I started writing this blog post while sitting on a conference call with a bunch of senders discussing some industry wide problems folks are having with delivery. Of course the issue of Microsoft comes up. A lot of senders are struggling with reaching the inbox there and no one has any real, clear guidance on how to resolve it. And the MS employees who regularly answer questions and help folks have been quiet during this time.

In some ways the current situation with Microsoft reminds me of what most deliverability was like a decade ago. Receivers were consistently making changes and they weren’t interacting with senders. There weren’t FBLs really. There weren’t postmaster pages. The reason knowing someone at an ISP was so important was because there was no other way to get information about blocking.
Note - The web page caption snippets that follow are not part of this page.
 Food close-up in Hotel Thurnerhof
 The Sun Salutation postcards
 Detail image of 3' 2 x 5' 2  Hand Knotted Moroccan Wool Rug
These days, we have a lot more institutional knowledge in the industry. The ISPs realized it was better to invest in infrastructure so senders could resolve issues without having to know the right person. Thus we ended up with postmaster pages and a proliferation of FBLs and best practices and collaboration between senders and receivers and the whole industry benefited.
It is challenging to attempt to troubleshoot deliverability without the benefit of having a contact inside ISPs. But it is absolutely possible. Many ISP folks have moved on over the years; in many cases due to layoffs or having their positions eliminated. The result is ISPs where there often isn’t anyone to talk to about filters.
The lack of contacts doesn’t mean there’s no one there and working. For instance, in the conference call one person asked if we thought Microsoft was going to fix their systems or if this is the new normal. I think both things are actually true. I think Microsoft is discovering all sorts of interesting things about their mail system code now that it’s under full load. I think they’re addressing issues as they come up and as fast as they can. I also think this is some level of a new normal. These are modern filters that implement the lessons learned over the past 20 years of spam filtering without the corresponding cruft.
Overall, I do think we’re in a period of accelerating filter evolution. Address filtering problems has always been a moving target, but we’ve usually been building on known information. Now, we’re kinda starting over. I don’t have a crystal ball and I don’t know exactly what the future will bring. But I think the world of deliverability is going to get challenging again.